[[ Excerpted records, beginning ]]

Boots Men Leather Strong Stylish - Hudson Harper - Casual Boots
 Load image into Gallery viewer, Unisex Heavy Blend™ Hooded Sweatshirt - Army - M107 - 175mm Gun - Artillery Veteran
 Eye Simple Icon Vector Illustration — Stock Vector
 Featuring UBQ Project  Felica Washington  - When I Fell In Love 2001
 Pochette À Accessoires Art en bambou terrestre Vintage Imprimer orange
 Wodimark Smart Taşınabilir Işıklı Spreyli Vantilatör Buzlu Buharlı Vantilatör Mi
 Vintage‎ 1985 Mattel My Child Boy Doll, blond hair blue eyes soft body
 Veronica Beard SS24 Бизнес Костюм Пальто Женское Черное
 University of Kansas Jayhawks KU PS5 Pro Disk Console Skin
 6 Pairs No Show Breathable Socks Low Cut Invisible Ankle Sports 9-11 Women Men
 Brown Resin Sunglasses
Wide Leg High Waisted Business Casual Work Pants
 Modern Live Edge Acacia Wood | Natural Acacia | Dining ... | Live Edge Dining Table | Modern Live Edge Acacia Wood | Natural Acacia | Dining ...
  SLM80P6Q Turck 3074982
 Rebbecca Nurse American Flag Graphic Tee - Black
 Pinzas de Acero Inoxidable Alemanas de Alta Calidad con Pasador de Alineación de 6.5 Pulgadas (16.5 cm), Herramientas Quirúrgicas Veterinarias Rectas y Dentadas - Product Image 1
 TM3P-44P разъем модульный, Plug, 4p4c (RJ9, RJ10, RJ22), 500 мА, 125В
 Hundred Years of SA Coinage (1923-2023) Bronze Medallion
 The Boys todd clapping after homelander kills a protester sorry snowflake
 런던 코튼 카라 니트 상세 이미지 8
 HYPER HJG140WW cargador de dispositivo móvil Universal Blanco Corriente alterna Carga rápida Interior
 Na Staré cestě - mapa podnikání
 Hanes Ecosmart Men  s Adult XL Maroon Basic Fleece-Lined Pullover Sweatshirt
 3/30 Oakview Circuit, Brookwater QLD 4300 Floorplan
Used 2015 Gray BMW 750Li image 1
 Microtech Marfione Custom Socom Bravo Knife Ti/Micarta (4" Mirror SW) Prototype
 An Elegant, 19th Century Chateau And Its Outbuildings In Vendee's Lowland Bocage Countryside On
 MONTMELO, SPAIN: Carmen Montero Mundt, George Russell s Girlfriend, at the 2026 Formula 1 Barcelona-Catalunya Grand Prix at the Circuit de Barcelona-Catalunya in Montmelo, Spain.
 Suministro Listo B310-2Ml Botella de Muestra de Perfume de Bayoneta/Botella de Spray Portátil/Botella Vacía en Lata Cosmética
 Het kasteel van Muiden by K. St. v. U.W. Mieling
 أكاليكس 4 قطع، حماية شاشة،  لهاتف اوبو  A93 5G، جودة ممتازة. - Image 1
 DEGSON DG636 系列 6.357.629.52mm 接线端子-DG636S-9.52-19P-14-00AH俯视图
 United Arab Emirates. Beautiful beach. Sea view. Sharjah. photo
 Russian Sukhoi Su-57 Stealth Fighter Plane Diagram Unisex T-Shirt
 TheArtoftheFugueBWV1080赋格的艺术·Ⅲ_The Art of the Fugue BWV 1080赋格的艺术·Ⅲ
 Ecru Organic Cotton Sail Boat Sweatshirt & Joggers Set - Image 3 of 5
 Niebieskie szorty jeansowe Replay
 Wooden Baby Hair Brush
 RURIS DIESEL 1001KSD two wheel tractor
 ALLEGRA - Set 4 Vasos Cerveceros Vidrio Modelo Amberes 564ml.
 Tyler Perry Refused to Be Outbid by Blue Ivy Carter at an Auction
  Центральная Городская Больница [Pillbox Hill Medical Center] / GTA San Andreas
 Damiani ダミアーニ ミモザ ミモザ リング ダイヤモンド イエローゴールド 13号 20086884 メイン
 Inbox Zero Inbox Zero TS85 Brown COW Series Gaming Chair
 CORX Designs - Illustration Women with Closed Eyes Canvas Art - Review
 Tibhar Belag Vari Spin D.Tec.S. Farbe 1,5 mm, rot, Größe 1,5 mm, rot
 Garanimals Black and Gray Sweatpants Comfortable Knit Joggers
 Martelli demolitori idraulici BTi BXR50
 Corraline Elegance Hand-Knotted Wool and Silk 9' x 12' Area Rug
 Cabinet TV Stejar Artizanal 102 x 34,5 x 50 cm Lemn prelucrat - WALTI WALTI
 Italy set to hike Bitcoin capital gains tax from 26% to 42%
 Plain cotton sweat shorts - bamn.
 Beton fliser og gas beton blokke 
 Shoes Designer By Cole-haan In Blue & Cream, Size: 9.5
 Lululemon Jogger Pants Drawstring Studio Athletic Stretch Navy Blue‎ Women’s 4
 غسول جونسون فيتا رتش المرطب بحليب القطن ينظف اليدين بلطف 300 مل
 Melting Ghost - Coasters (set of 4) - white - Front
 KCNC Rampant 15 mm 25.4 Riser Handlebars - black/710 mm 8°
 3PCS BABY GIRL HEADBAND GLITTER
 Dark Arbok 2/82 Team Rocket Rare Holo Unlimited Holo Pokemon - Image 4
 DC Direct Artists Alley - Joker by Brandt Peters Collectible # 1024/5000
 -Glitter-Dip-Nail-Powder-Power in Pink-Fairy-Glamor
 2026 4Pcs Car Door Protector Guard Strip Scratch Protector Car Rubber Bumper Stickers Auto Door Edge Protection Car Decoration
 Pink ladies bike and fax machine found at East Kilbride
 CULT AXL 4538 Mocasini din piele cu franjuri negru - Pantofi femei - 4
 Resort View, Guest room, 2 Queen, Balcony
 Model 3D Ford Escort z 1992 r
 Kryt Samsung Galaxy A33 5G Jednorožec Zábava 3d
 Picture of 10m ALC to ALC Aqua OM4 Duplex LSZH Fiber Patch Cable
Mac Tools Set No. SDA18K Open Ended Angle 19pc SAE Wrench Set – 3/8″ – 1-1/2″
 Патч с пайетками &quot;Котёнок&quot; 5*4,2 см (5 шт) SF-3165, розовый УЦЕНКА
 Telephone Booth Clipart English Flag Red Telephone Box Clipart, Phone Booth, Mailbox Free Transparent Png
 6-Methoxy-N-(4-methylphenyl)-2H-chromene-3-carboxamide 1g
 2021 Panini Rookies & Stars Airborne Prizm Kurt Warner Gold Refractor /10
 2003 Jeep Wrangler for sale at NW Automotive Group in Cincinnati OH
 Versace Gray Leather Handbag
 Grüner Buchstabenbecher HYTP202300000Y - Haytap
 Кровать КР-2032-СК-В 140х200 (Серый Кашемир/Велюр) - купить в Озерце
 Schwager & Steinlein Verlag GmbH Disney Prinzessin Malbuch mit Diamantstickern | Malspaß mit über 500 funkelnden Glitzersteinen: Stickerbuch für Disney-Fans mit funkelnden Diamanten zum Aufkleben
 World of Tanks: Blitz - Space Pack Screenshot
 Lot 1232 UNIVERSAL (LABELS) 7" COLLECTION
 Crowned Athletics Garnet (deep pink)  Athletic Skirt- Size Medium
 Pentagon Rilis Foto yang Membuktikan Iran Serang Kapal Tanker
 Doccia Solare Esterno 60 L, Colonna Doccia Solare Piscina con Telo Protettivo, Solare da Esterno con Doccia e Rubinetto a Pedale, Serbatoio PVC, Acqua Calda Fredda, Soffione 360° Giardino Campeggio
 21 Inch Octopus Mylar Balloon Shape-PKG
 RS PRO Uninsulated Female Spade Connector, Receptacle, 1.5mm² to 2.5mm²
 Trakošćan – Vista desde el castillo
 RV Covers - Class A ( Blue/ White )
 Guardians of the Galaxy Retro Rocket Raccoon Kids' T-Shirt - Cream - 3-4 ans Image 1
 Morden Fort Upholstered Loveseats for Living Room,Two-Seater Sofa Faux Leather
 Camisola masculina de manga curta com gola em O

[[ Excerpted records, end ]]

> **Exercise prompt**: When you reach the line that contains "Wodimark Smart Taşınabilir", stop; output it and every line before it from the start of the data, exactly as written.

> **Reply**:
Boots Men Leather Strong Stylish - Hudson Harper - Casual Boots
 Load image into Gallery viewer, Unisex Heavy Blend™ Hooded Sweatshirt - Army - M107 - 175mm Gun - Artillery Veteran
 Eye Simple Icon Vector Illustration — Stock Vector
 Featuring UBQ Project  Felica Washington  - When I Fell In Love 2001
 Pochette À Accessoires Art en bambou terrestre Vintage Imprimer orange
 Wodimark Smart Taşınabilir Işıklı Spreyli Vantilatör Buzlu Buharlı Vantilatör Mi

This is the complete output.